ABOUT THIS EXERCISE: Extract each line of the material that follows exactly and omit its pictures.

PROVIDED MATERIAL:
§

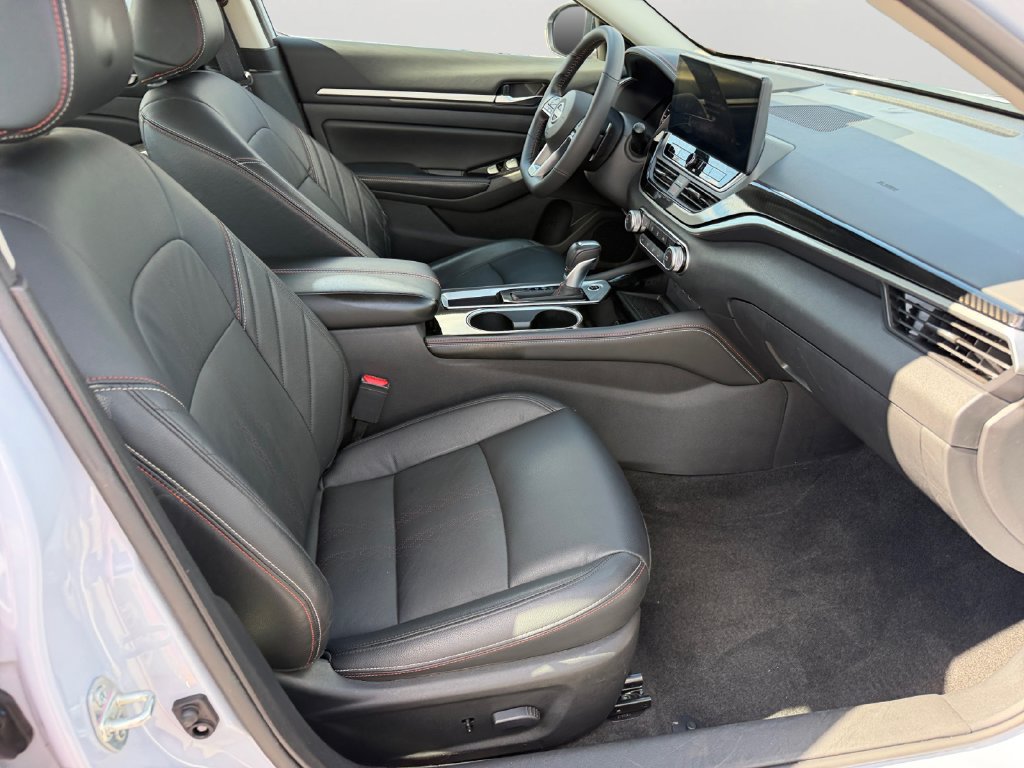 Used 2024 Nissan Altima 2.5 SR w/ SR Premium Package FWD image 8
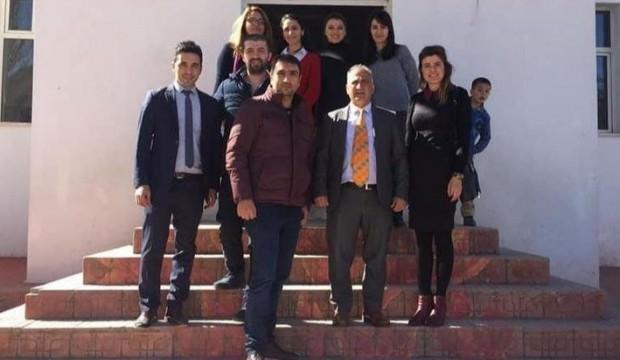 Üniversiteli gençlerden köy okuluna yardım
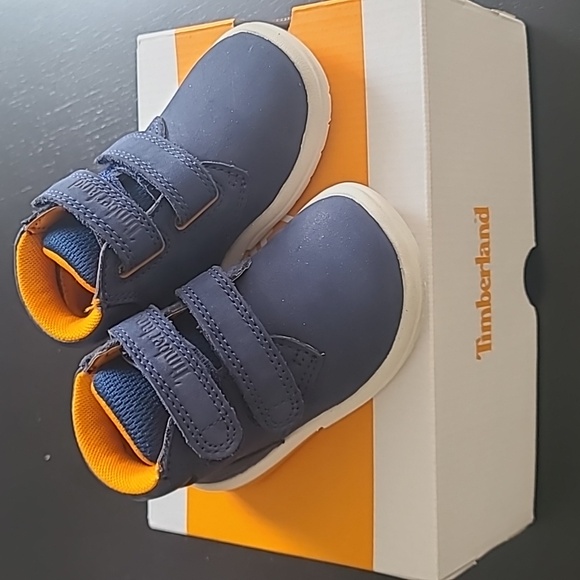 Toddler Timberlands - Picture 3 of 6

§

RESULT OF THE TASK:
 Used 2024 Nissan Altima 2.5 SR w/ SR Premium Package FWD image 8
 Üniversiteli gençlerden köy okuluna yardım
 Toddler Timberlands - Picture 3 of 6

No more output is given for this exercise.